Intracellular phospho-specific staining was done in conjunction with staining for surface markers, as previously described. Briefly, cells were washed twice in staining buffer (0.5% bovine serum albumin and 0.02% sodium azide in PBS) before blocking with an anti-CD16/32 antibody for 20 min at room temperature. Cells were stained for 45 min at room temperature with a mixture of surface marker-specific antibodies including CD4 V500, B220 PeCy7, CD90.1 APC-eFluor 780 (eBioscience), and an exclusion panel of biotin—streptavidin PE-Texas Red labeled antibodies (CD49b, TER119, CD11c, CD8a, F4/80 and CD11b) for an improved resolution of the populations of interest. Two intracellular or phospho-specific antibodies among the following were used per sample: Tbet Alexa Fluor 647, Akt Alexa Fluor 647 (pS473), ERK1/2 PE (pT202/pY204), Lck Alexa Fluor 647(pY505), p38 MAPK Alexa Fluor 647 (pT180/pY182), Stat1 PE (pY701), Stat3 PE (pY705), Stat4 PE (pY693), Stat5 PE (pY694), Stat6 Alexa Fluor 647 (pY641), S6 Alexa Fluor 647 (pS244), Zap70 PE (Y319). After staining, all samples were washed and resuspended in staining buffer. All antibodies were obtained from BD Biosciences, unless otherwise noted.

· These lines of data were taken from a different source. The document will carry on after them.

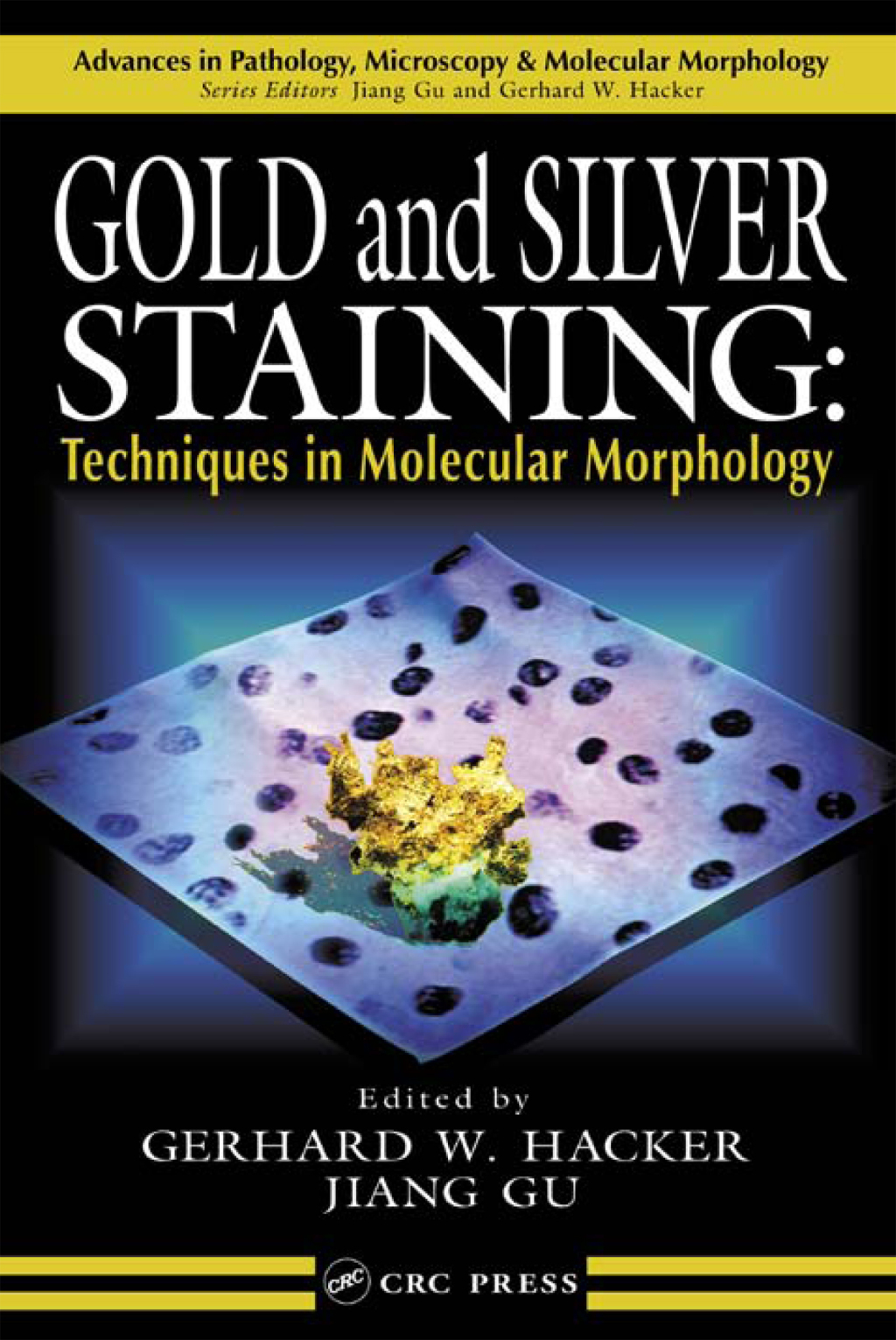 Gold and Silver Staining Techniques in Molecular Morphology 1st Edition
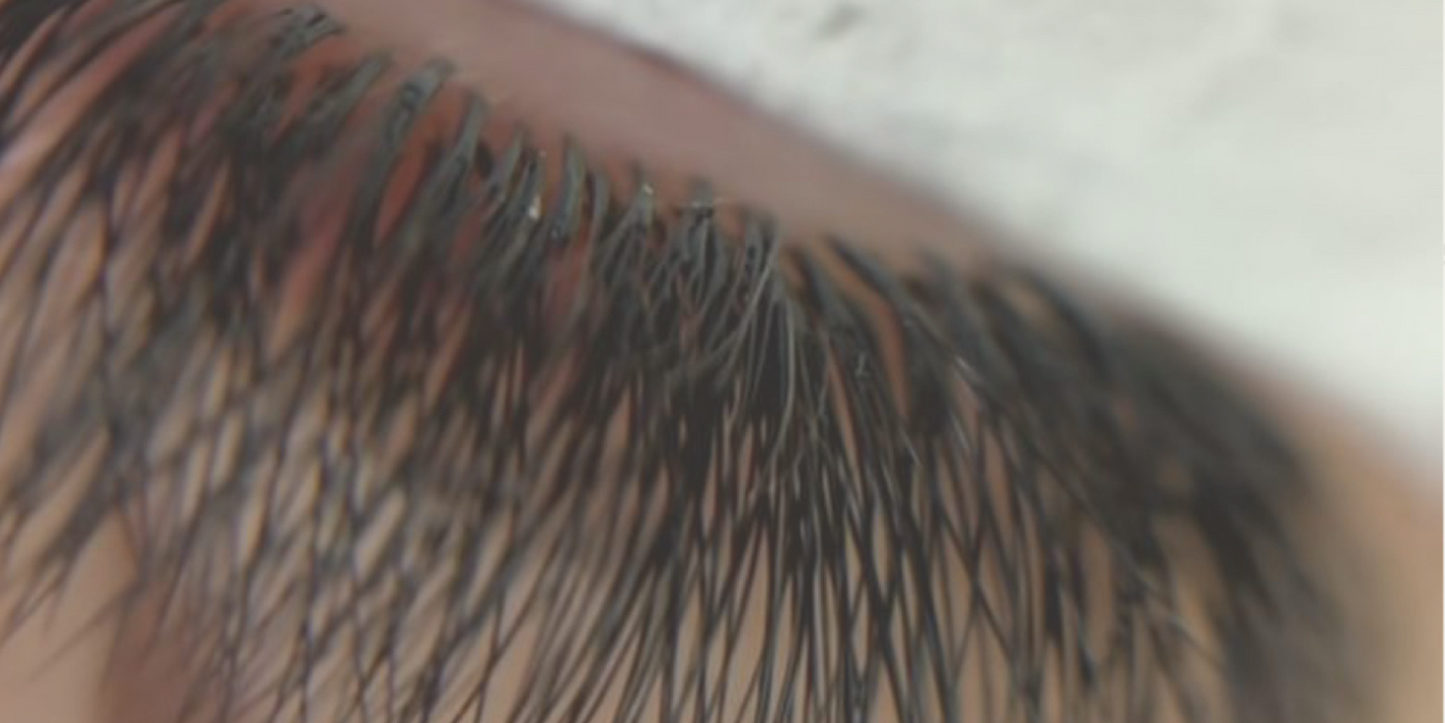 Eyelash Extensions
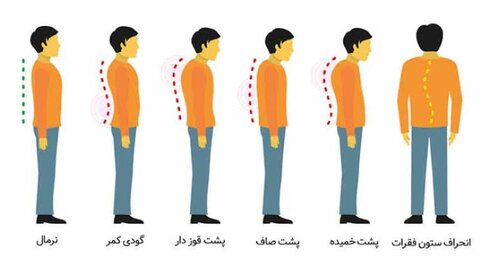 ناهنجاری گرد پشتی یا کایفوزیس و عوارض آن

All samples were acquired on the LSR Fortessa and analyzed with FlowJo software (Treestar). The transferred MUC1-stimulated VFT CD4+ T cell population (exclusion −CD4+B220−CD90.1+CFSE−) as well as the co-transferred control OT-II population, which does not respond to MUC1-derived peptides (exclusion −CD4+B220−CD90.1−CFSE+), were identified. Median Fluorescent Intensity (MFI) was calculated for each population within the sample and used to calculate fold changes upon stimulation, after normalization to the corresponding fluorescence minus one (FMO) control: fold change = absolute value (MFIstimulated /MFIstimulated FMO) / (MFIunstimulated /MFIunstimulated FMO).